BALTIMORE — One Baltimore officer hitchhiked, jumping into an Army Humvee and then a civilian police car to tag-team his way from his Edgewood home to the city's Central District station. Motorcycle cops traded two wheels for four - four-wheel drive, that is - to keep an eye on businesses along Calvert, Charles and St. Paul streets.
Homicide detectives responded to two killings and four questionable deaths by riding shotgun in tactical vehicles. The commander of the Central District, Maj. Dennis Smith, pulled an elderly woman from a snowbank on Holabird Avenue on his way to shovel out his own family in Baltimore County.

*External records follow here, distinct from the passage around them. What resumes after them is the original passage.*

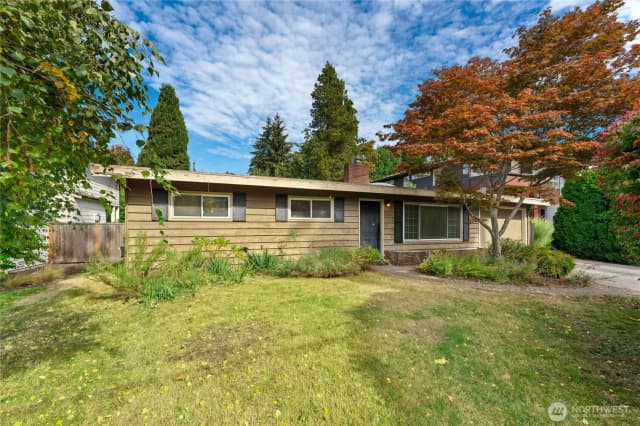 Property photo for 12220 Ne 73rd Street, Kirkland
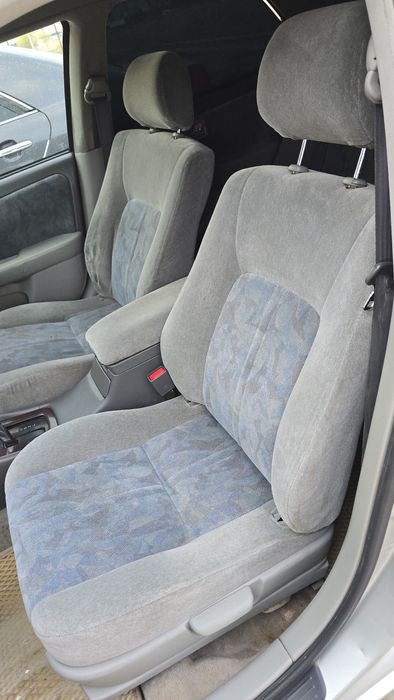 Продаю срочно машину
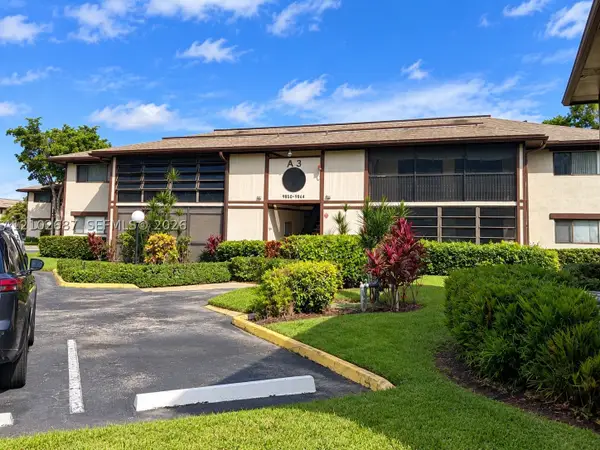 9850 S Belfort Cir #212-3, Tamarac, FL 33321
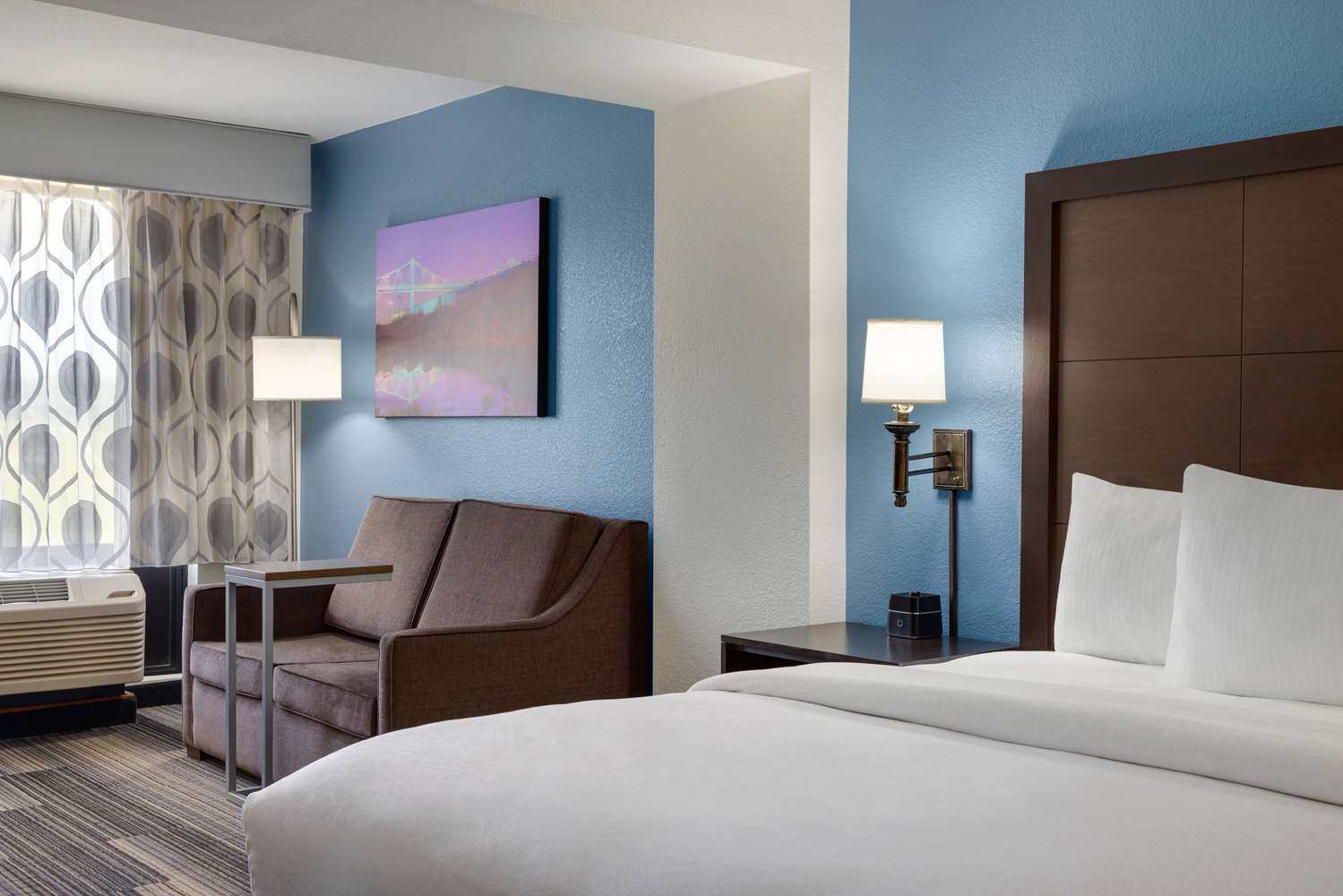 La Quinta Inn Suites Springfield Airport Plaza 24/61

There are stories like this all over the city and state - snowplow drivers, firefighters, doctors, to name just a few - who left their families to stay on the job and help the city through the blizzard, or who made extraordinary efforts to get to their jobs while everyone around them was trapped.
And they might do it all over again tonight and tomorrow, when even more snow is predicted. Some police officers in the Central slept across desks or leaned in office chairs pushed against walls, grabbing a few hours of shut-eye before returning to patrol the downtown business district, neighborhoods such as Mount Vernon and Belvedere, and the Pennsylvania Avenue strip.
Police ended up with more people at work in the snowstorm than on a warm summer evening. A typical shift at the Central has two supervisors and 20 patrol officers. Friday night through the height of the storm Saturday evening, the district had four supervisors and 38 on patrol.
"Every one of them," Smith said of the officers under his command, "they all knew they had to get here. They got up and they got going, and they got in. A lot of them knew they weren't going to see their families but they knew they had to do their jobs."